Stored items from a collection:
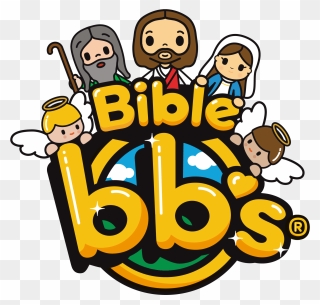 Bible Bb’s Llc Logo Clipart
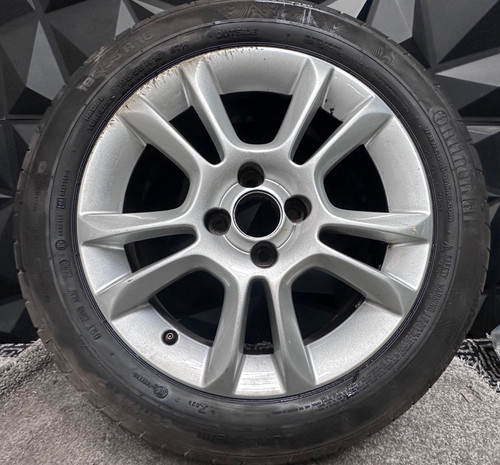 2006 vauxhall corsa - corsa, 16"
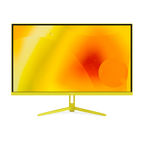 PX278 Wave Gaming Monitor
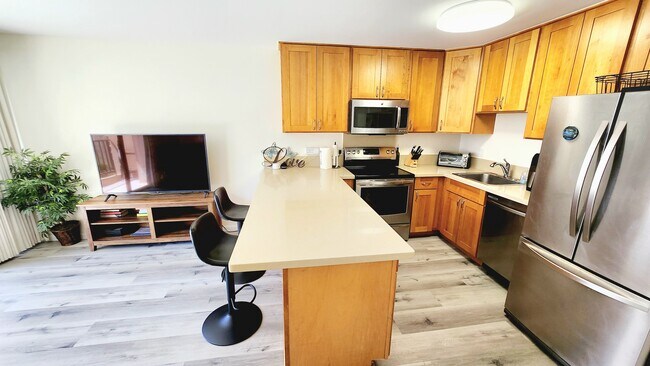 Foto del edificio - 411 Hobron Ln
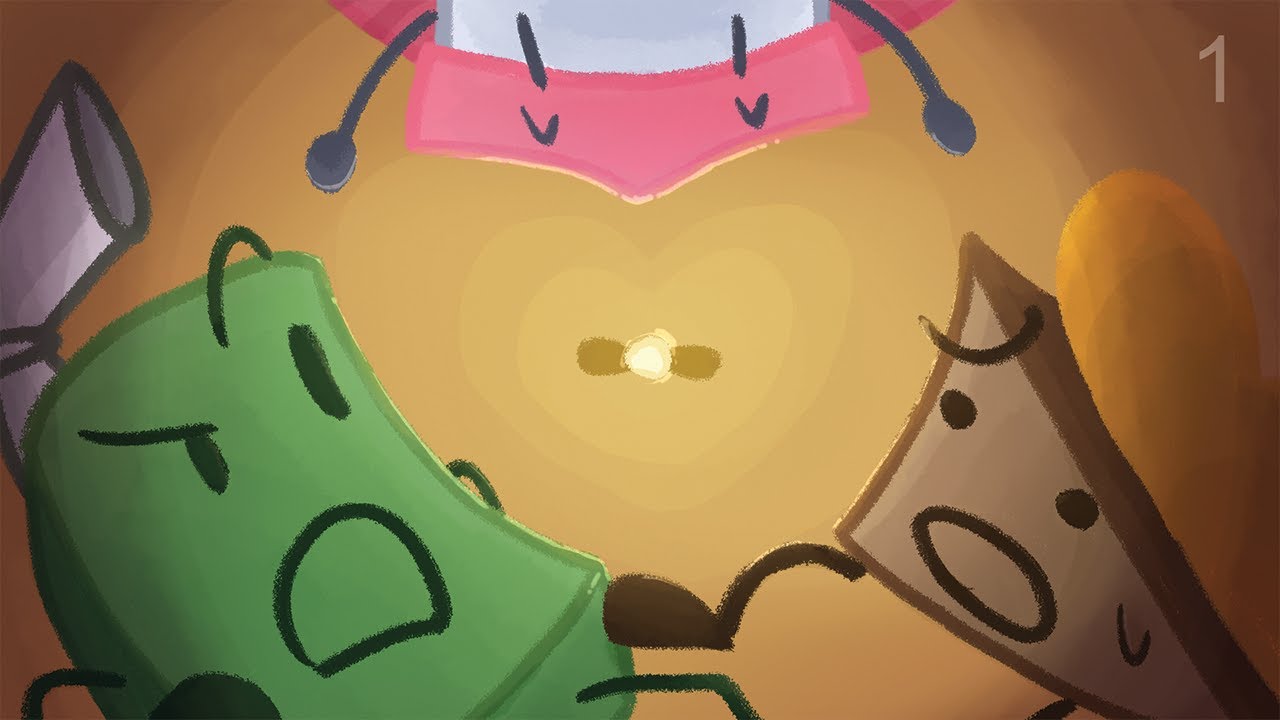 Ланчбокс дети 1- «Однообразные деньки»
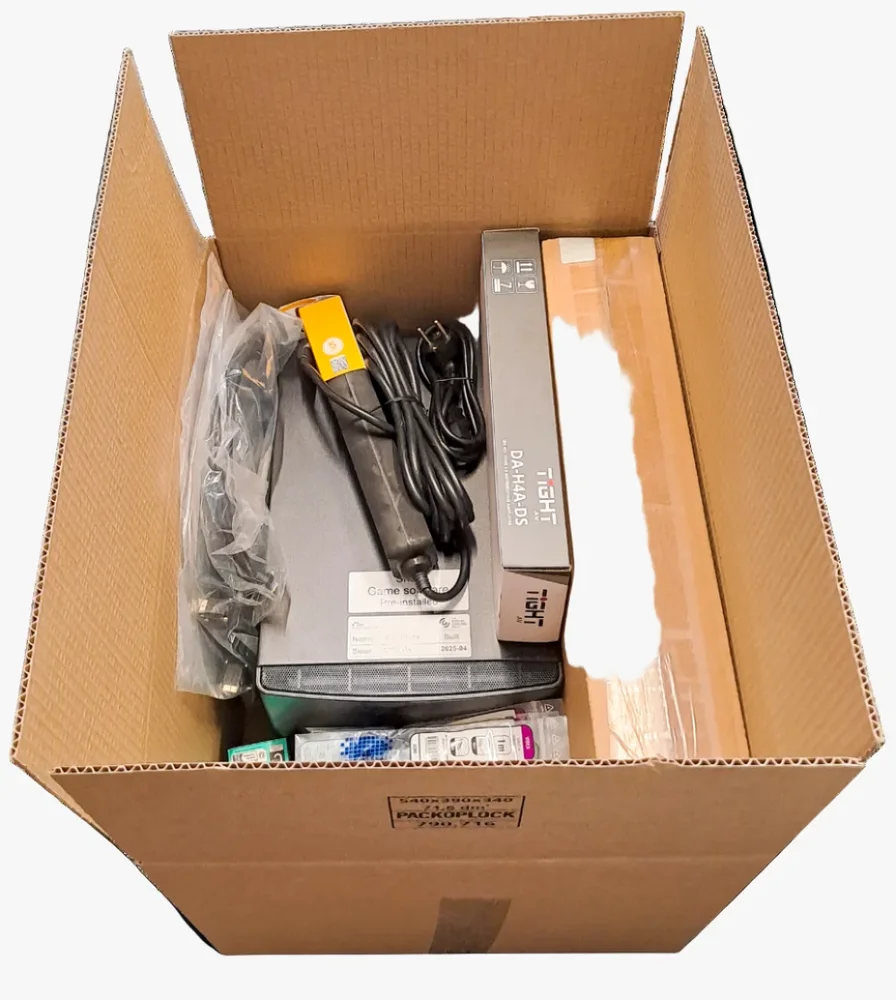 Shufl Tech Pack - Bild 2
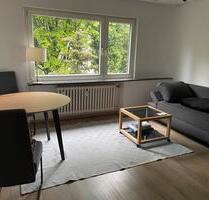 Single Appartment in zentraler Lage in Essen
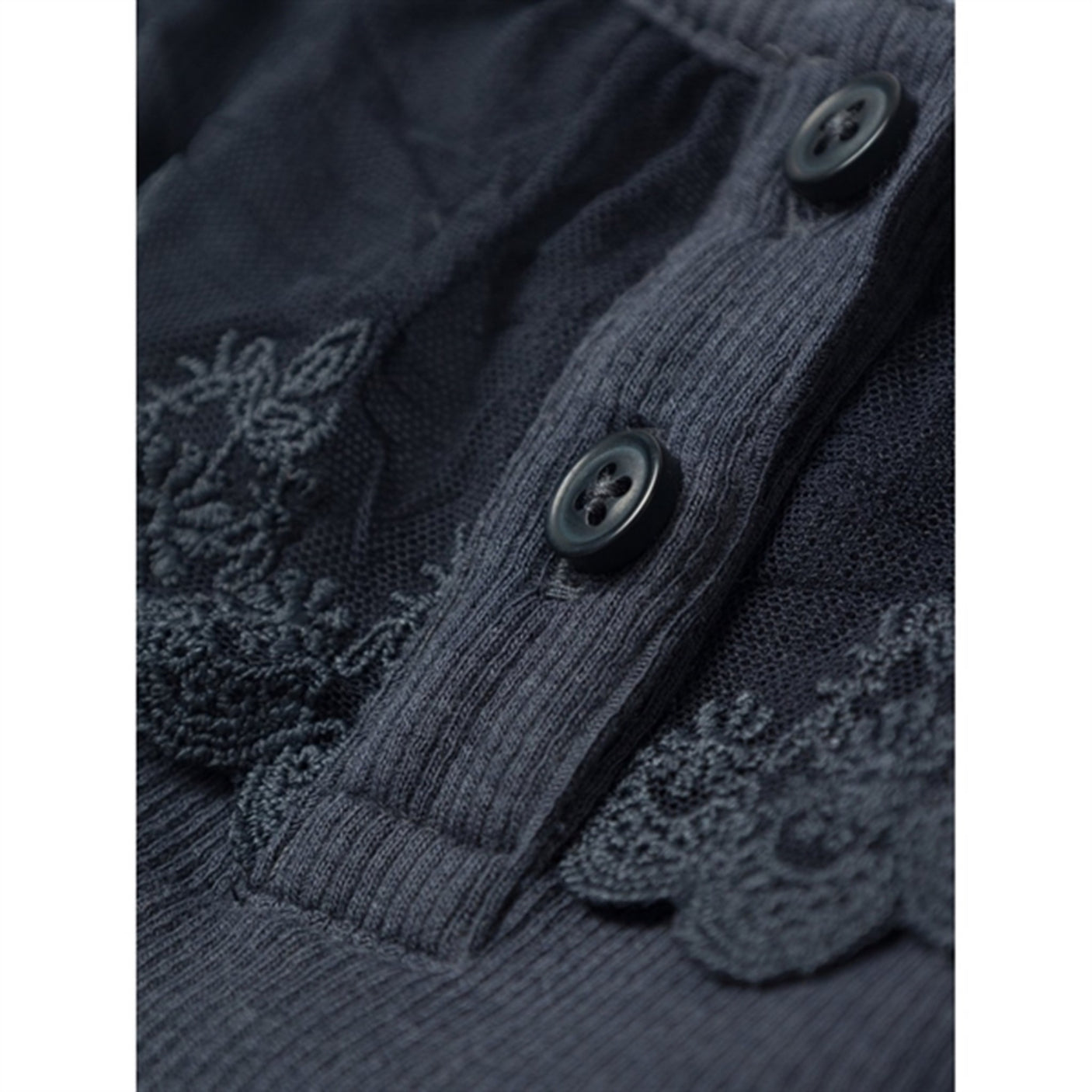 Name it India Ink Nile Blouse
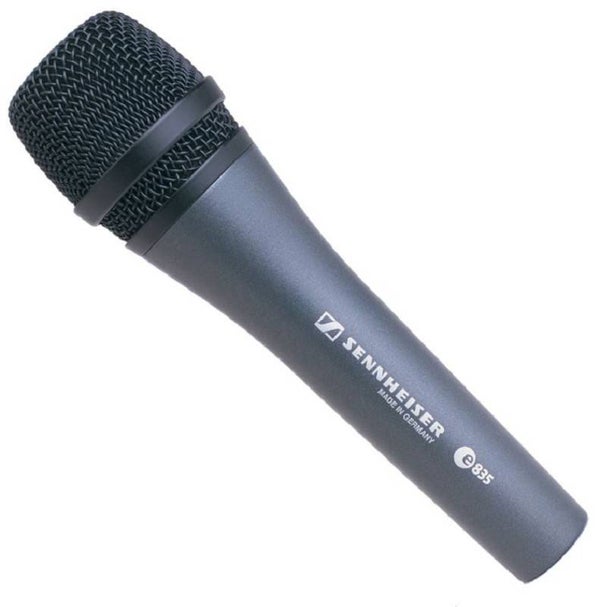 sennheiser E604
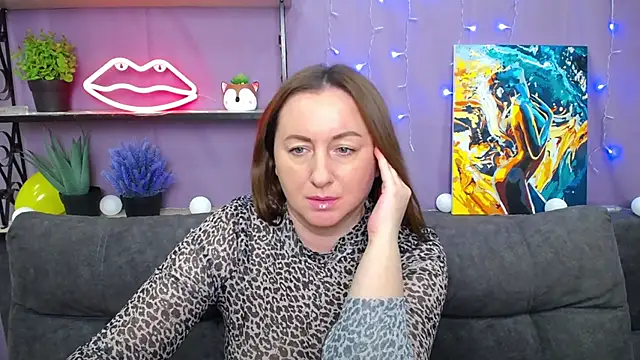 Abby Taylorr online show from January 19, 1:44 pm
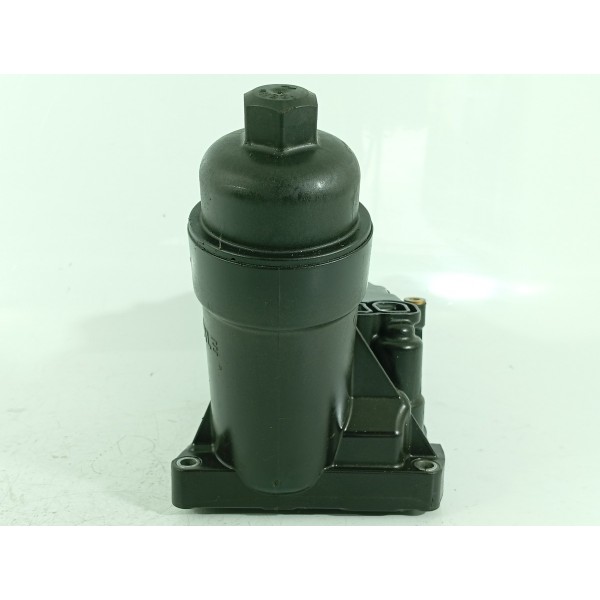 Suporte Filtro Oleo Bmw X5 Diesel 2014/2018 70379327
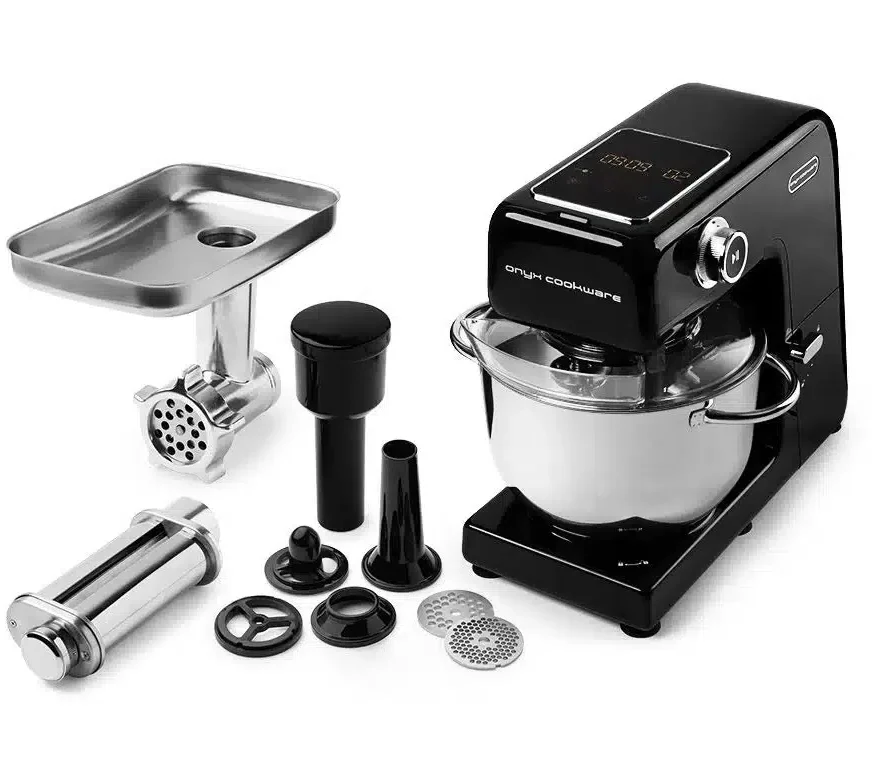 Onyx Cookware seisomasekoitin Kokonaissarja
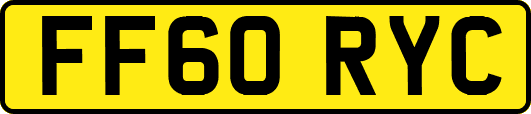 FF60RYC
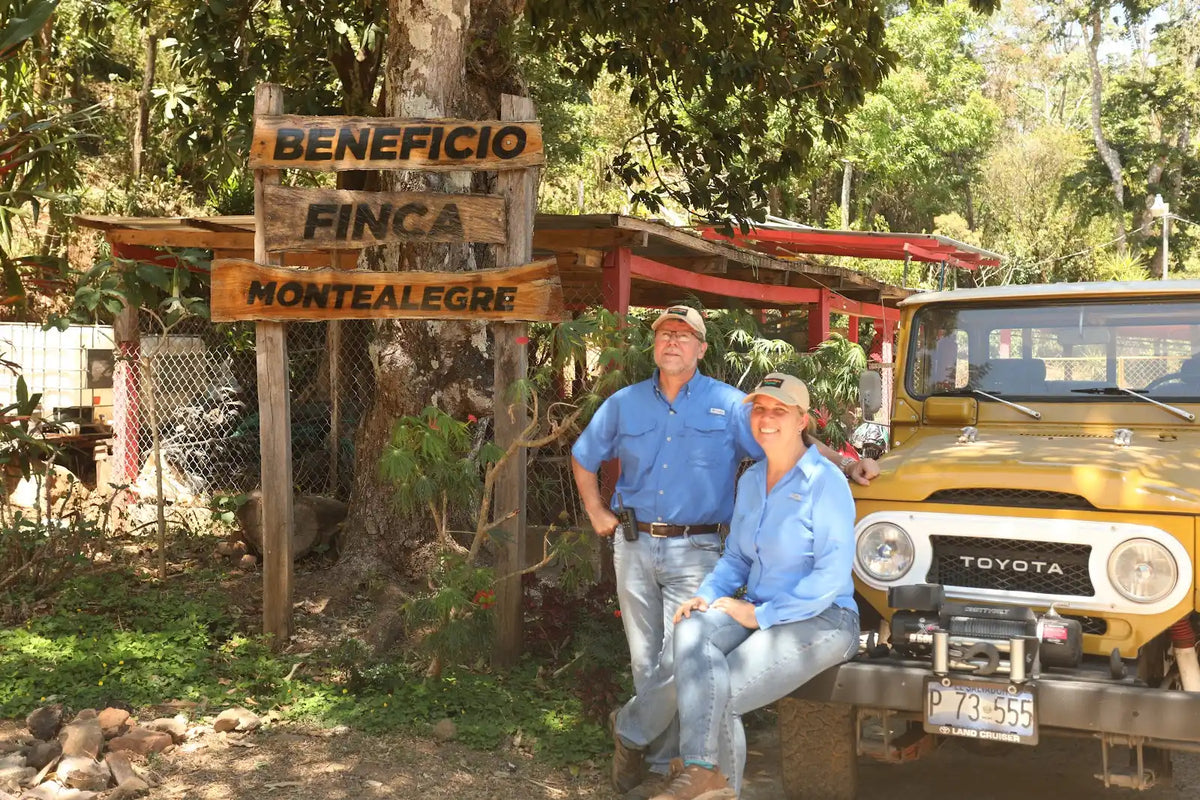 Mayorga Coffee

(Exercise aim) Each entry above must be restated word for word; the pictures stay out of the copy.

(Response area)
 Bible Bb’s Llc Logo Clipart
 2006 vauxhall corsa - corsa, 16"
 PX278 Wave Gaming Monitor
 Foto del edificio - 411 Hobron Ln
 Ланчбокс дети 1- «Однообразные деньки»
 Shufl Tech Pack - Bild 2
 Single Appartment in zentraler Lage in Essen
 Name it India Ink Nile Blouse
 sennheiser E604
 Abby Taylorr online show from January 19, 1:44 pm
 Suporte Filtro Oleo Bmw X5 Diesel 2014/2018 70379327
 Onyx Cookware seisomasekoitin Kokonaissarja
 FF60RYC
 Mayorga Coffee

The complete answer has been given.